Nothing against any Bogner fans, but they have known issues. Maybe @King Loudness or @Shredneck can provide a little more insight. If I remember correctly they both had an issue with the amp that could only be repaired by bypassing a section of the amp or replacing the whole board. Also, and maybe it was just posted in the wrong places but I seen one listed out west, $2k for the head and 412 cabinet.....Sat for months without an offer. So it would seem resale isn't so great on them either. you'd probably do better to keep the fractal or if you really want the Bogner, sell the fractal and pocket the difference....unless of course you're getting cash in the deal. Anyway, long rant....but that's my inflated 3 cents.


----------



## Alex (Feb 11, 2006)

Chitmo said:


> Nothing against any Bogner fans, but they have known issues. Maybe @King Loudness or @Shredneck can provide a little more insight. If I remember correctly they both had an issue with the amp that could only be repaired by bypassing a section of the amp or replacing the whole board. Also, and maybe it was just posted in the wrong places but I seen one listed out west, $2k for the head and 412 cabinet.....Sat for months without an offer. So it would seem resale isn't so great on them either. you'd probably do better to keep the fractal or if you really want the Bogner, sell the fractal and pocket the difference....unless of course you're getting cash in the deal. Anyway, long rant....but that's my inflated 3 cents.


If you find the listing for the head + cab for $2K please let me know.


----------



## pat6969 (Feb 4, 2013)

I haven't made any decisions yet. I'm just trying to get the lowdown since I don't know much about Bogners.


----------



## pat6969 (Feb 4, 2013)

Budda said:


> Is there not an XTC sim in your AX8 for you to try? It should give you a reasonable idea.


Yes there is, but since I've never heard a Bogner in person I can't know if the one in the Fractal is close or not. For instance, I owned a Marshall 410HJS and I don't find the Fractal version very convincing. I loved that Marshall amp but had I demoed it solely in the Fractal, I'd have never bought it.


----------



## Budda (May 29, 2007)

Did you demo it with the cab sim of the cab you had IRL?

I'd wager that the axe fx will at least give you 85% of the tone of the real thing, in which case you will know if it's for you or not.

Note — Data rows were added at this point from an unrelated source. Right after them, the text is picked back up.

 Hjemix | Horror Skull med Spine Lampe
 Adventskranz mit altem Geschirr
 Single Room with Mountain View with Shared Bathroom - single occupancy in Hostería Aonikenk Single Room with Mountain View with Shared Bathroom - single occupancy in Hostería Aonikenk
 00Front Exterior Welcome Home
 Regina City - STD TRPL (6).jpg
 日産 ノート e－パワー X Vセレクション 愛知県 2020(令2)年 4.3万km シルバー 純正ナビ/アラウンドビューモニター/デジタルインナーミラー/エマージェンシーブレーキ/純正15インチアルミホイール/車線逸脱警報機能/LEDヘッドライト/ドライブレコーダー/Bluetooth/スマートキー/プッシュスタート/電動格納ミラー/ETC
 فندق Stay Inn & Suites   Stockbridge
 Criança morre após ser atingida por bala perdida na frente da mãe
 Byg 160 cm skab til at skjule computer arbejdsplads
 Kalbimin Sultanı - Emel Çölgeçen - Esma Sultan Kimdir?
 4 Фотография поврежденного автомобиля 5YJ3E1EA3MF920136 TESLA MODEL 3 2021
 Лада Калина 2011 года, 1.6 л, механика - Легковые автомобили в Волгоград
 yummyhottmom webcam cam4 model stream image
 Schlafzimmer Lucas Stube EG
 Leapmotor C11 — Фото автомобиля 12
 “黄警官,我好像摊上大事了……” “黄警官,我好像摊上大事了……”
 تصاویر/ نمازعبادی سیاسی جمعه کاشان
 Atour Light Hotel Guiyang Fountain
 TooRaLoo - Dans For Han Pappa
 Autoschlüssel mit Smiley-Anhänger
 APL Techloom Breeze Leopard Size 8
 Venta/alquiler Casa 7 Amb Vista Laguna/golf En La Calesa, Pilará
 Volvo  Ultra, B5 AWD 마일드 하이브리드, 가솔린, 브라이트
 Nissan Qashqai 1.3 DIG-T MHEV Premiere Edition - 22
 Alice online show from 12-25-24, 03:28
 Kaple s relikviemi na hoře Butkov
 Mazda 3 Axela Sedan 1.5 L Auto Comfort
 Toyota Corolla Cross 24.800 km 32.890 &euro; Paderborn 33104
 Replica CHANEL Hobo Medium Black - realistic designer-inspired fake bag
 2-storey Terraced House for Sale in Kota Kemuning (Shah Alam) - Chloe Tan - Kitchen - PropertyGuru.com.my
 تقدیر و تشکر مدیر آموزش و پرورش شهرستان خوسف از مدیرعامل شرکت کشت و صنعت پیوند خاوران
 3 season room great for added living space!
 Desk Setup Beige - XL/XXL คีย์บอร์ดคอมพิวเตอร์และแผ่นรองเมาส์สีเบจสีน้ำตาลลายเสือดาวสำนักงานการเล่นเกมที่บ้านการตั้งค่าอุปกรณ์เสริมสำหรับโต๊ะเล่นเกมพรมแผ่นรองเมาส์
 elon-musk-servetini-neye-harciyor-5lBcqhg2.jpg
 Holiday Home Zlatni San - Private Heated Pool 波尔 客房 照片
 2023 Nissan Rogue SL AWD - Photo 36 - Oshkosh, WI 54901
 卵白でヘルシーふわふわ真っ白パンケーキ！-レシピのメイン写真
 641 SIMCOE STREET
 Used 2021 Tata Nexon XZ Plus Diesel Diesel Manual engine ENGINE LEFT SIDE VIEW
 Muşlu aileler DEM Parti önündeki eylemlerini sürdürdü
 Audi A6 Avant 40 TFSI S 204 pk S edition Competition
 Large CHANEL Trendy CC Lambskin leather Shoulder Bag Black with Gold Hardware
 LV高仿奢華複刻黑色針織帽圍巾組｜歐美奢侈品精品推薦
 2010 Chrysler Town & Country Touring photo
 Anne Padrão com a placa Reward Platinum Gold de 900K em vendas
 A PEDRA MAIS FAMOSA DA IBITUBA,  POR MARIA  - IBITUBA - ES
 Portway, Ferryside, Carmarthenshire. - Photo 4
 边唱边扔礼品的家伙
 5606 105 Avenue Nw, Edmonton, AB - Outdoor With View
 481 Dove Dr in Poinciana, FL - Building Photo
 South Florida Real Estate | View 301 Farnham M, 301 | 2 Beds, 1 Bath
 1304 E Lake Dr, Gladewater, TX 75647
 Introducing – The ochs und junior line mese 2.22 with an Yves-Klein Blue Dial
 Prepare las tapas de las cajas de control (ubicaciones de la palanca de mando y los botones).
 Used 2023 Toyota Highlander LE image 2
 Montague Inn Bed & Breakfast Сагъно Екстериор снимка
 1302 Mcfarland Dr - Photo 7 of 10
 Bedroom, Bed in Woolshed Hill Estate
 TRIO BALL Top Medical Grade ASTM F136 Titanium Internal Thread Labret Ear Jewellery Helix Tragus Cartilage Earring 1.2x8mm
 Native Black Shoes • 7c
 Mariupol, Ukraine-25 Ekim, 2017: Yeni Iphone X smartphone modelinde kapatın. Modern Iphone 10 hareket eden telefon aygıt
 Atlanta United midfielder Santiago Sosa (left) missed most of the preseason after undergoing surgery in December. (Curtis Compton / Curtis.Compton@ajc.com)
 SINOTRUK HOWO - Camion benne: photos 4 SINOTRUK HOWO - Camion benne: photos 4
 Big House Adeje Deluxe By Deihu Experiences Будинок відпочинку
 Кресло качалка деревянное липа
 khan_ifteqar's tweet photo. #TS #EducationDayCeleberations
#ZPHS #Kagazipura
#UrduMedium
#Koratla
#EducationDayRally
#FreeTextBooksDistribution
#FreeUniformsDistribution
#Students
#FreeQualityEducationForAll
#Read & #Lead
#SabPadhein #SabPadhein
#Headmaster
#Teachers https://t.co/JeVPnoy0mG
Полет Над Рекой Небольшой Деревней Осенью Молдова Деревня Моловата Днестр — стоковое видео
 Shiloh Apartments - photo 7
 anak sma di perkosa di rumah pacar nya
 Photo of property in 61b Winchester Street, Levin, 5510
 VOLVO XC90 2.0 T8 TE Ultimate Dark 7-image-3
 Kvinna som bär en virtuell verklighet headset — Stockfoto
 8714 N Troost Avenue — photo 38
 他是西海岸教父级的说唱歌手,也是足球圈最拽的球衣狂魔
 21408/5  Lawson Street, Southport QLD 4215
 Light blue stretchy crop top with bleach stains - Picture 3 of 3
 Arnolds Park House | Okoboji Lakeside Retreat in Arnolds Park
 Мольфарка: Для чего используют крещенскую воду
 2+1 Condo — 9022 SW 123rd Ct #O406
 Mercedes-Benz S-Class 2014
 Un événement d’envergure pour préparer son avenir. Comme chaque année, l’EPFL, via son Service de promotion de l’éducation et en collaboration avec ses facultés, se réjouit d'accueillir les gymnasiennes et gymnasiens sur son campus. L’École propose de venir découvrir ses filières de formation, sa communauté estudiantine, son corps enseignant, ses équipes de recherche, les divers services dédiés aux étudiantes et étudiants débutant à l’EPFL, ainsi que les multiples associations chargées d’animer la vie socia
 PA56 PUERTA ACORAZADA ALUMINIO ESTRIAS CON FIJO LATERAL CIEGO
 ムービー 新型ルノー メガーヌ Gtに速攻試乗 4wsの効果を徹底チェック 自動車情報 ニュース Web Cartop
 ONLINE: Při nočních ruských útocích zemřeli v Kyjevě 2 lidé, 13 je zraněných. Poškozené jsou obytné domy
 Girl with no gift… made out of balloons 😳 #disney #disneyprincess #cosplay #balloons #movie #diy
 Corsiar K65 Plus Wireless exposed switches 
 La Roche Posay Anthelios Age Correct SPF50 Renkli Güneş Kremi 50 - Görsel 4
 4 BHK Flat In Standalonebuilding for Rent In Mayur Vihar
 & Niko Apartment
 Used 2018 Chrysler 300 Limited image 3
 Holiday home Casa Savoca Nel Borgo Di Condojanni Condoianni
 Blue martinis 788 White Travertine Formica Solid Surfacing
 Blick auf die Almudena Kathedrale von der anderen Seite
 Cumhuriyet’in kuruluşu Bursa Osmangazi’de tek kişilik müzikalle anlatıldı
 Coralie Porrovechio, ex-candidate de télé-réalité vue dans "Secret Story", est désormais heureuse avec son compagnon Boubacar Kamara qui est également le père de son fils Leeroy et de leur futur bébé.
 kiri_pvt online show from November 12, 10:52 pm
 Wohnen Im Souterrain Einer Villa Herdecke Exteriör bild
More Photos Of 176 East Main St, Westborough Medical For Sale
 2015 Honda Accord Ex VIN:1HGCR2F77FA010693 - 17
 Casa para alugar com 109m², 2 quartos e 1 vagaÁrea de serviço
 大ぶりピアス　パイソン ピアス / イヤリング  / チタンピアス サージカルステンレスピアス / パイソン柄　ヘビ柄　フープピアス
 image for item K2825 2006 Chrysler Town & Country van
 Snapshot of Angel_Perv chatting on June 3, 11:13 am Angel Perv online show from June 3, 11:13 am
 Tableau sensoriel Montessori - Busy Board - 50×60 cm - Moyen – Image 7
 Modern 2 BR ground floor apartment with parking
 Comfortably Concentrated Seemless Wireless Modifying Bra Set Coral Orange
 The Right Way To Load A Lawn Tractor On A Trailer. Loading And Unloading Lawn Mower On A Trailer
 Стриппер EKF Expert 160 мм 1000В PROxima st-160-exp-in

Bogners don't seem to come up very often, but anything expensive is harder to move these days.


----------



## King Loudness (May 3, 2010)

I owned a mid 2000s XTC101B for about 2 years from 2011 to 2013. Mine didn't have any problems per se as far as reliablity; I ultimately sold it because it was too much amp for me, power/size wise. Interestingly, I had just bought an Axe FX II rig at the time, so part of the decision to sell was spurred by that purchase. It was my dream amp forever and I paid a small fortune to have it imported from the USA, but quite simply, tastes change. The amp sounded absolutely divine for the heavy rock stuff I was doing at the time, but having tried one again more recently I found it very compressed and not really the tone I was after. I sold it to a forum member on here. I think @Loudlikelove has the amp now.

W.


----------



## 14786 (Feb 3, 2016)

I've never seen a 101b and cab for $2000 and I usually look on kijiji nation wide. If so, that's the deal of a century. I've had a couple. Great amps. British like but have their own thing going on in the mids. It's quite a bit thicker in the midrange than a Marshall as the mids are voiced lower. Early AIC was bogners and I think that's a great reference. They are awesome amps that cover a lot of ground but do have a compression in their voicing that can't be dialed out. I think $2000-2500 for the head and $600-800 for the 412. That's depending on the shape and options on the head (Class A etc). Also, I've had 3 (101b x 2 and a classic) and had no issues other than tubes. And that's with moderate gigging. 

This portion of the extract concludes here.